The Regent's Outstanding Teaching Award
This is a career award presented annually to 20 outstanding senior faculty members who have made significant educational contributions to the university, both in the classroom and beyond through creative innovation and methodology in education. It is one of the highest honors bestowed by The University of Texas System for educational excellence. The award is “a symbol of the importance [the regents] place on the provision of undergraduate teaching and learning of the highest order.” Dr. Schmidt was recommended by Dean Gregory Fenves of the Cockrell School of Engineering, Chair Joe Beaman of the Mechanical Engineering Department, three current faculty members and three former students.
Dr. Schmidt came to the University of Texas at Austin in 1970 as an Assistant Professor. He currently holds the Donald J. Douglass Centennial Professorship in Engineering and the title of University Distinguished Teaching Professor. In his letter of support, Dr. Joe Beaman, chairman of the ME department said, “Dr. Schmidt has, throughout his career, promoted innovation in engineering education, both within his own classroom and, through his organizational efforts, to his colleagues and the profession as a whole.”
In 2000, Dr. Schmidt initiated a department-wide curriculum development program called PROCEED, and is the current director of the program. Since its inception, PROCEED has provided major funding for the innovations in the ME undergraduate program, including redesign of 13 courses in the core curriculum, renovation and equipping of nine undergraduate laboratories and creation of a student portfolio system.
Professor Schmidt is known for his kindness, sense of humor, passion for engineering, love of history, and his carefully-honed ability to impart difficult information in an understandable and interesting manner. He teaches the highest enrollment class the department offers, the sophomore introductory course in thermodynamics, a required and technically-challenging course that serves as a gateway into higher level engineering courses.
In addition to numerous departmental and college-level awards, Dr. Schmidt has received virtually every university-wide teaching honor the University of Texas offers.

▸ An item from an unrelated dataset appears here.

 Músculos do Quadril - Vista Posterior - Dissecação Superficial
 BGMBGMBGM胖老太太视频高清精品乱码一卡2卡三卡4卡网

These include selection as one of the 10 inaugural members of the Academy of Distinguished Teachers (1995), Blunk Memorial Professorship (1994), Piper Professorship (1994), Eyes of Texas Excellence Award (1997), Amoco Foundation Outstanding Teaching Award (1991), Friar Centennial Teaching Fellowship Award (1991), the Ex-Students' Association University of Texas Excellence Award (1989), and most recently, the Chancellor's Council Outstanding Teaching Award (Spring 2009).
Dr. Schmidt has also received national recognition for teaching excellence. In 1992 he was awarded the Ralph Coats Roe Award from the American Society for Engineering Education (given annually to one mechanical engineering educator from the US and Canada), and in 1994 he was named by the Carnegie Foundation for the Advancement of Teaching and the Council for the Advancement and Support of Education as Texas Professor of the Year (all disciplines, all colleges and universities in Texas).
Chancellor's Council Outstanding Teaching Award presented in 2009
The Chancellor's Council Outstanding Teaching Award from The University of Texas at Austin, recognizes a senior faculty member for a distinguished career in teaching at the undergraduate level. There is only one recipient each year of this highly-prestigious award. For a more detailed description of Dr. Schmidt's career and work, please read the ME news story published May 29, 2009.
This document was submitted to the selection committee. The web team felt any young teacher or parent would benefit greatly from reading it, so it has not been edited or snipped.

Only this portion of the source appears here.